The other recommendations to break this down with parentheses are correct if you aren't sure of the order of precedence for binary operators: (100<=x) && (x<=150). You can also write it as 100<=x && x<=150 since the order of precedence for value comparisons is higher than for logical operators.

Because if (100 <= x <= 149) is the same as if(1<=149) if you give 200 or another number to x. And that is correct always.
For example.
x=1
100<=1 is false so you get if(0<=149) which is true
x=200
100<=200 is true so you get if(1<=149) which is true
So you always get true for it.
So you must do it in another way, like this
if(x>=100 && x<=149) ...

Adding some additional parenthesis may help.
if ((100 <= x) && (x <= 149)) //do this

I don't think you can write math functions like this in objective-c... Try separating them and combining with an && statement:
if ( (100 <= x) && (x <= 149) ) { // "&&" = and, "||" = or, other math comparison operators are: <=, >=, <, >, ==, != (!= is does not equal))
//do this
} else if ( (150 <= x) && (x <= 199) ) {
//do that
} else if ...etc...

You've already got a lot of answers, but I'll add one more to cover one other possible point of confusion.
In C & Obj-C the boolean (and character) types are treated as integer types, which is not the case in call languages.
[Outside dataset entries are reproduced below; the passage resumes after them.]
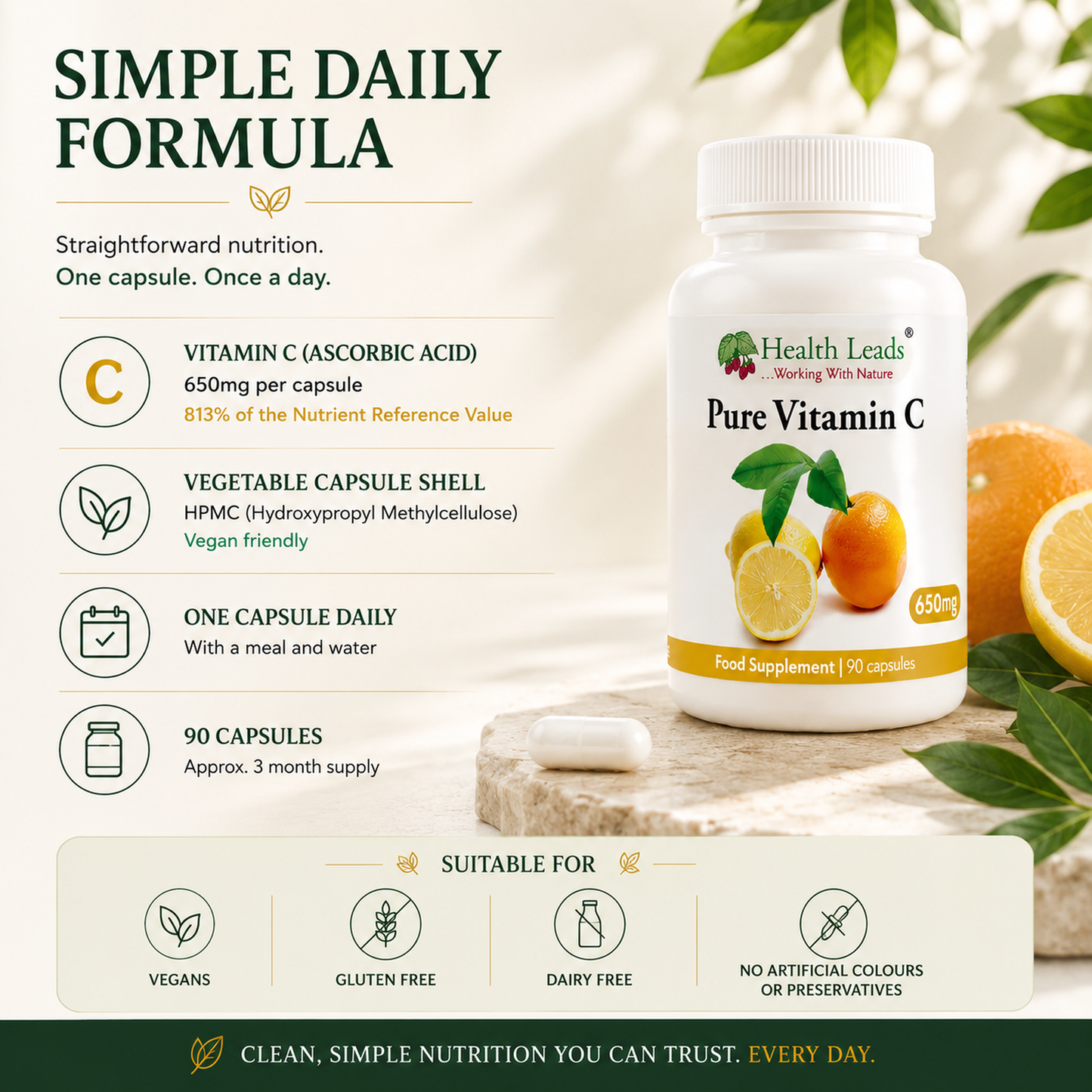 Vitamin C (Ascorbic Acid) 650mg capsules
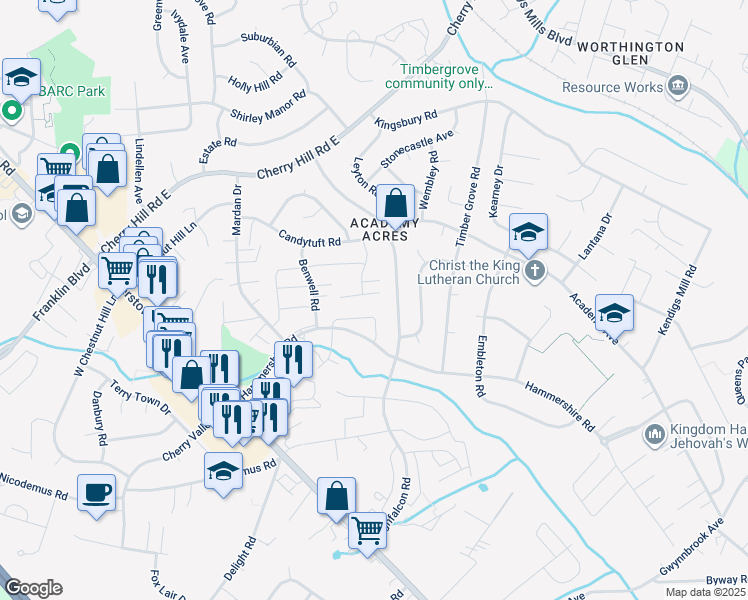 map of restaurants, bars, coffee shops, grocery stores, and more near 55 Fox Run Court in Reisterstown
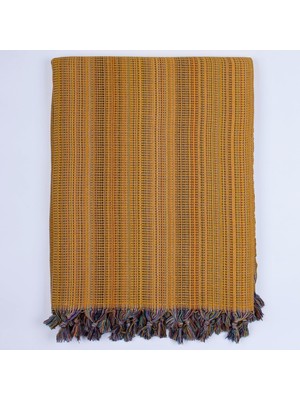 Püskül Boho Çift Kişilik Yatak Örtüsü ve Pike /%100 Pamuklu Ince Hafif Yazlık Battaniye &amp; Dekoratif Koltuk Örtüsü / Çok Amaçlı Çeyizlik Günlük Kullanım (Hardal, 200X250 cm Çift Kişilik Pike)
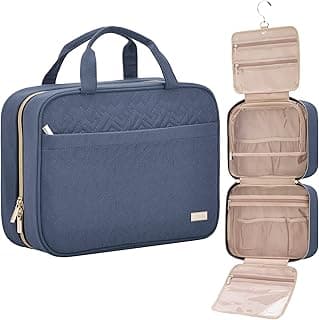 NISHEL Travel Toiletry Bag for women, Portable Hanging Organizer for Full-Sized Shampoo, Conditioner, Brushes Set, Makeup Accessories, Large Size, Aegean-Blue image
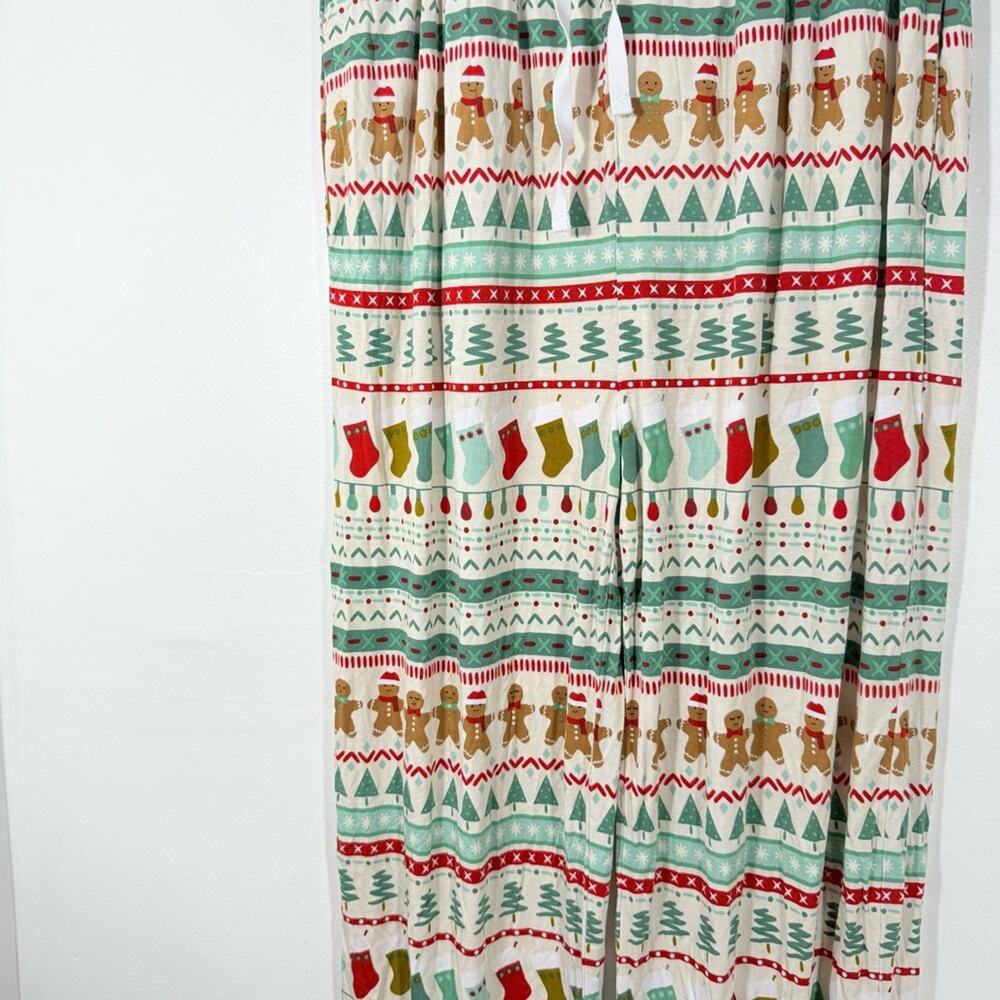Little Sleepies Gingerbread Fair Isle Wide Leg Bamboo Pajama Pants Medium - Picture 3 of 8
So expressions like 'z' * true make perfect sense!
(Modern) C uses the type _Bool for boolean, which is defined to be large enough to hold 0 & 1. Cocoa uses the type BOOL for boolean, which is defined as signed char. CoreFoundation uses the type Boolean which is defined as unsigned char. All three define YES/true as 1 and NO/false as 0, while C itself treats any non-zero value as true.
The relation operators such as <, <= etc. are defined to return the int (yes, none of the booleans, not even _Bool) value 0 if the relation is false, and the int value 1 if the relation is true.
Given this and the left-to-right associativity of relational operators your:
if (100 <= x <= 149)
is parsed as:
if ((100 <= x) <= 149)
then 100 <= x evaluates to the int value 1 if x is greater than or equal to 100, otherwise it evaluates to the int value 0, so we get:
if (1 <= 149)
or
if (0 <= 149)
both of these evaluate to 1 so we get:
if (1)
and the if statement branches to the "then" branch if it's expression is non-zero.
It may be surprising, but the whole statement is evaluated without any use of booleans at all - it is all done with integers.
To achieve what you intended you need:
if((100 <= x) && (x <= 149))
etc. - which also doesn't use any booleans (&& is defined in terms of integers).